Das schwedische Finanzsystem hat sich als widerstandsfähig erwiesen. Die schwedische Volkswirtschaft und der dazugehörige Bankenmarkt sind gut durch die Corona- Pandemie gekommen. Die ansässigen Großbanken verfügen über eine gute Kapital- und Liquiditätsausstattung. Das Risiko einer Überhitzung am Immobilienmarkt und etwaiger Preiskorrekturen ist jedoch durch die jüngsten Preisanstiege sowie die hohe Haushaltsverschuldung in Kombination mit einem hohen Anteil variabel verzinster Darlehen wesentlich gestiegen. Hinzu kommt ein erhebliches Exposure der schwedischen Banken im Segment der Gewerbeimmobilien. Die Finanzierungssituation der Banken ist jedoch stabil und die Fähigkeit, die Realwirtschaft mit Krediten zu versorgen, bleibt gewährleistet.1


  1. 1 LBBW Research, Financial Blickpunkt vom 5.7.2022 

Die schwedischen außerordentlichen Mitgliedssparkassen

1820 wurde in Göteborg die erste schwedische Sparkasse gegründet. Die schwedischen Sparkassen des frühen 19. Jahrhunderts sollten breiten Bevölkerungsschichten, insbesondere ärmeren Menschen, Finanzdienstleistungen anbieten. Zur Einhaltung dieser Zielgruppenorientierung bestand lange Zeit eine Einlagenhöchstgrenze, welche die Institute in ihrem Wachstum behinderte. 1969 wurden die Sparkassen mit ihren Aktivitäten den Geschäftsbanken gleichgestellt.

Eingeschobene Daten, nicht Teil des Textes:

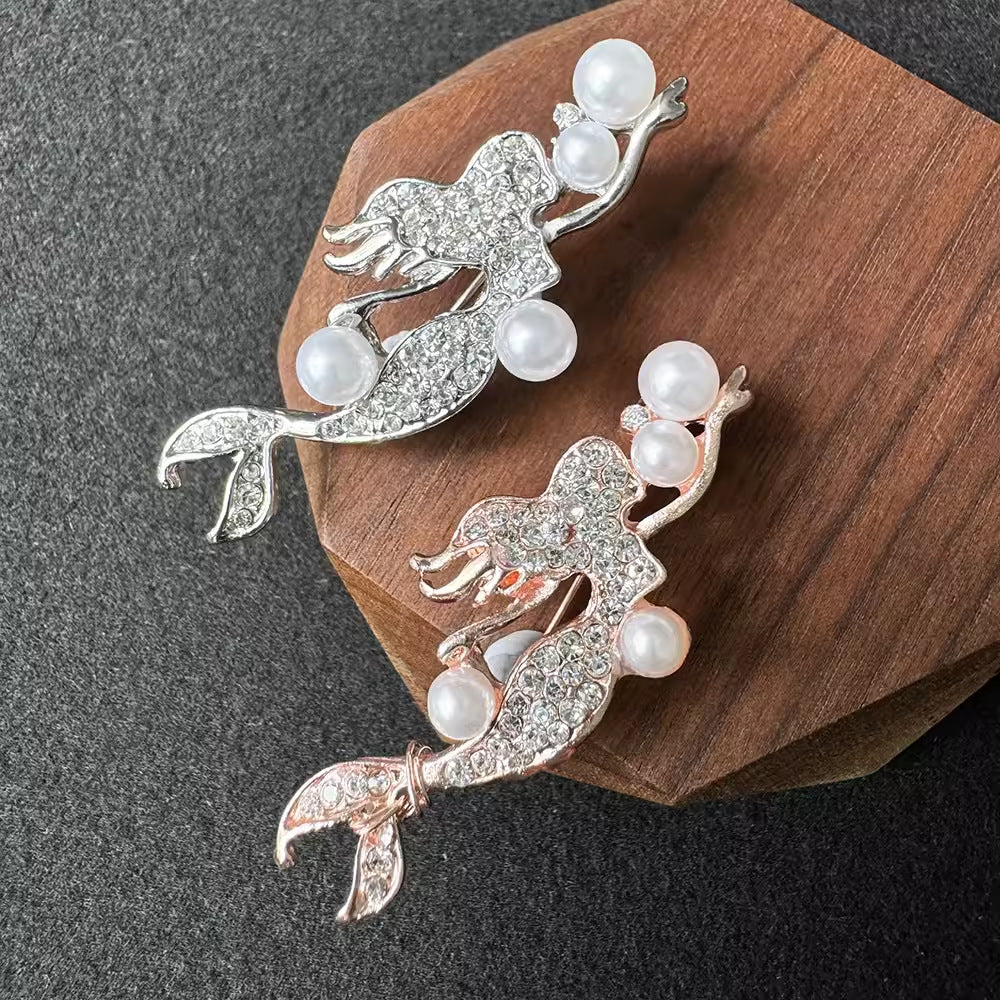 Silver alloy mermaid brooch with crystal embellishments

Die in Stiftungsform geführten Sparkassen wurden von angesehenen Bürgern aus dem kommunalen Umfeld gelenkt. Die schwedischen Sparkassen hatten von Anfang an eine lokale Ausrichtung. Auch wenn eine Beschränkung der Aktivitäten auf den örtlichen Rahmen (Regionalprinzip) nicht zwingend vorgegeben war, wurde sie freiwillig beachtet.

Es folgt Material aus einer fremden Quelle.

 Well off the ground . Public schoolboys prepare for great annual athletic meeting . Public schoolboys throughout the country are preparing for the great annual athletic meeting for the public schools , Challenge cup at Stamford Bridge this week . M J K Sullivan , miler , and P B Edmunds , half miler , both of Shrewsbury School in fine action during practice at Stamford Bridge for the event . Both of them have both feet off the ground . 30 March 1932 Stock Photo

Die Zahl der schwedischen Sparkassen ist über die Jahre hinweg stark gesunken. Im Spitzenjahr 1928 gab es 498 Sparkassen, 1960 waren es noch 434. 1980 gab es noch 164 Sparkassen, nachdem sich viele kleine Institute zu Regionalbanken zusammengeschlossen hatten. Infolge eines schwieriger werdenden Wettbewerbsumfeldes, kombiniert mit der Deregulierung des schwedischen Bankenmarktes, kam es in der Folgezeit zu weiteren Zusammenschlüssen. Ein zusätzlicher Treiber der Konsolidierung war die Konzentration vieler schwedischer Unternehmen und die damit verbundene Verlagerung des Geschäftssitzes von der Provinz in die Hauptstadt Stockholm, wodurch die lokalagierende Sparkassen Wettbewerbsvorteile einbüßten.